Records drawn from a dataset
---*---
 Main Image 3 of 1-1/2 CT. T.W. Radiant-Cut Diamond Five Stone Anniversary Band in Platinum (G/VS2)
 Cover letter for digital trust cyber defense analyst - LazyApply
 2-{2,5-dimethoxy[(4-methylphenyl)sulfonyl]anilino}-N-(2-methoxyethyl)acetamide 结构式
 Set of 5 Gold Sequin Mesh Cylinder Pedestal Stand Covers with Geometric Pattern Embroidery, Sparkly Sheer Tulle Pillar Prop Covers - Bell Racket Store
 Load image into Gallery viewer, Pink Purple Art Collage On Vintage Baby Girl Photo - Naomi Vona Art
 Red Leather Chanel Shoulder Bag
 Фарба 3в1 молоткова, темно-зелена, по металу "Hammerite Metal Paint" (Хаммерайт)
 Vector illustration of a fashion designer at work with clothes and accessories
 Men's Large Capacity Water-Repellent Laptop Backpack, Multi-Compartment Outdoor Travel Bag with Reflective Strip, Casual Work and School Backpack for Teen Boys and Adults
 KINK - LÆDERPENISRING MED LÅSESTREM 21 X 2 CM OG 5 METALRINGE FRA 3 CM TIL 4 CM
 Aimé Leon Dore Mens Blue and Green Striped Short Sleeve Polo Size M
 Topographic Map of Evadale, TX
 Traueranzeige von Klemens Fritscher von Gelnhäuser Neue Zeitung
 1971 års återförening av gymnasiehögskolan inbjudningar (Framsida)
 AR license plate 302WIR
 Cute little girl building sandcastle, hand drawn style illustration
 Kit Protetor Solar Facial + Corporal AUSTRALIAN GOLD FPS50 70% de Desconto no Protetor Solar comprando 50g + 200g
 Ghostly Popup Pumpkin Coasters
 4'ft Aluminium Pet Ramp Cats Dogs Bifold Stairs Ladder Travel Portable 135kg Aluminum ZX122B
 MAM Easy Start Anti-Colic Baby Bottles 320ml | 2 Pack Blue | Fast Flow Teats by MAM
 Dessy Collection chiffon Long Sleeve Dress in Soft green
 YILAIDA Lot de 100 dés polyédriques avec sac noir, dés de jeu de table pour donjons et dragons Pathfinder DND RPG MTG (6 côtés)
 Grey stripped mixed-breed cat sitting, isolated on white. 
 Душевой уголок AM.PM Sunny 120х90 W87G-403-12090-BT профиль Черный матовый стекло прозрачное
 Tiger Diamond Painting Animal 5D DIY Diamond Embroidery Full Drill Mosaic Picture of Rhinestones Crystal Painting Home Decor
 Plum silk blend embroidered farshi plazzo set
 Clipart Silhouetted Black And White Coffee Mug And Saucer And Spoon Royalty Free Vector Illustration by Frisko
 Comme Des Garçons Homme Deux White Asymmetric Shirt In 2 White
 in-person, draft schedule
---*---
* **ABOUT THIS EXERCISE**
Every line above with the string "Sleeve" in it needs to be copied.

* **RESPONSE TO THE TASK**
 Aimé Leon Dore Mens Blue and Green Striped Short Sleeve Polo Size M
 Dessy Collection chiffon Long Sleeve Dress in Soft green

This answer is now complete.